La peste vegetale ha investito le piantagioni di cacao della Costa D’ Avorio occidentale e minaccia, proprio nell’ anno dei prezzi record, il raccolto autunnale della più preziosa materia prima prodotta in questa parte dell’ Africa. Conosciuta da tutti coltivatori della regione francofona come pourriture brune, si tratta dell’ aggressione di un batterio che si diffonde nel clima umido della stagione delle piogge. Dieci giorni di precipitazioni quasi ininterrotte alla fine dei giugno hanno innescato l’ epidemia nelle piantagioni dell’ ovest.

Il colore della malattia

Il processo di aggressione è evidente poiché la drupa che contiene i semi di cacao cambia rapidamente colore passando dal giallo-rosso brillante a un esplicito color marrone marcio. Il cacao si raccoglie rigorosamente a mano da alberi di circa cinque metri, e il frutto ha dimensione e forma di un piccolo pallone da rugby.

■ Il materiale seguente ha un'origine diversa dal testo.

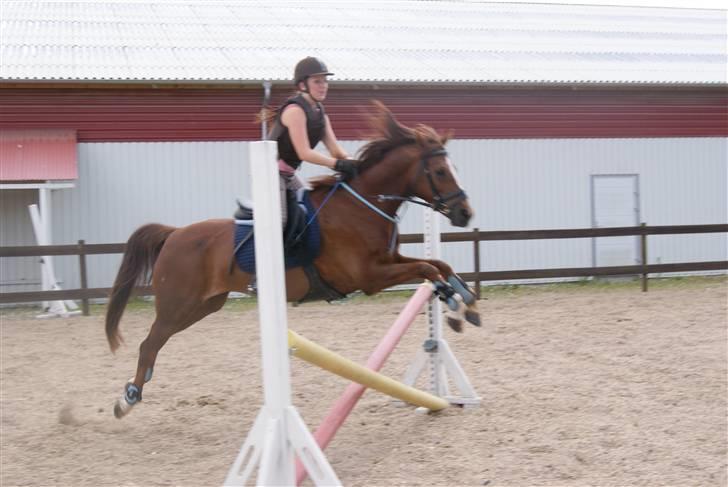 Kvinde mia - mig & min gamle pony (; (han er solgt fordi han blev for lille) billede 9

All’interno custodisce una batteria di 40-50 semi bianchi, che una volta seccati vengono venduti da migliaia di produttori africani alle imprese di trasformazione che alimentano il fiume di cacao che l’Africa esporta verso Stati Uniti ed Europa.

Milioni di famiglie

In Costa d’Avorio sei milioni di persone vivono del raccolto di cacao. Con oltre 1,22 milioni di tonnellate esportate (36% della produzione mondiale), Abidjan è di gran lunga il primo produttore mondiale in un sistema di agricoltura non meccanizzata e altamente parcellizzata che coinvolge più di 900mila produttori. Per il paese africano il cacao significa anche valuta pregiata: un miliardo di dollari nel ’96, appena sotto le esportazioni petrolifere.

Circoscrivere l’ epidemia

L’ attacco della pourriture brune è dunque evento che coinvolge e spaventa quasi l’ intera popolazione del paese. L’ allarme – giunto proprio mentre il prezzo del cacao aveva raggiunto i massimi da 33 anni – è stato lanciato nella provincia occidentale di San Pedro, quasi al confine con la Liberia. La malattia ha interessato le piantagioni di San Pedro, di Taboue e ancora quelle di Sassandra. Per circoscrivere l’ epidemia nella zona occidentale, dove molti coltivatori non hanno accesso a prodotti chimici disinfettanti, è stato ordinato il taglio delle piante. A San Pedro alcuni coltivatori hanno già dovuto intervenire con la decimazione degli alberi nel speranza di isolare le piante sane e arrestare la propagazione della malattia che rischia altrimenti di propagarsi come un incendio.

Patrimonio nazionale

Negli ultimi anni la produzione di cacao in Costa D’Avorio ha subito ripetuti rovesci, e non solamente di tipo batterico o virale. Migliaia di planteurs, soprattutto nelle zone di confine tra il nord e il sud del paese hanno dovuto abbandonare case e piante a causa delle violenze riesplose in seguito alla guerra civile del 2002-2004 e proprio in questi mesi il governo sta lavorando a un piano di rotazione delle piante di cacao per ripristinare un patrimonio su cui si fonda la stabilità del paese.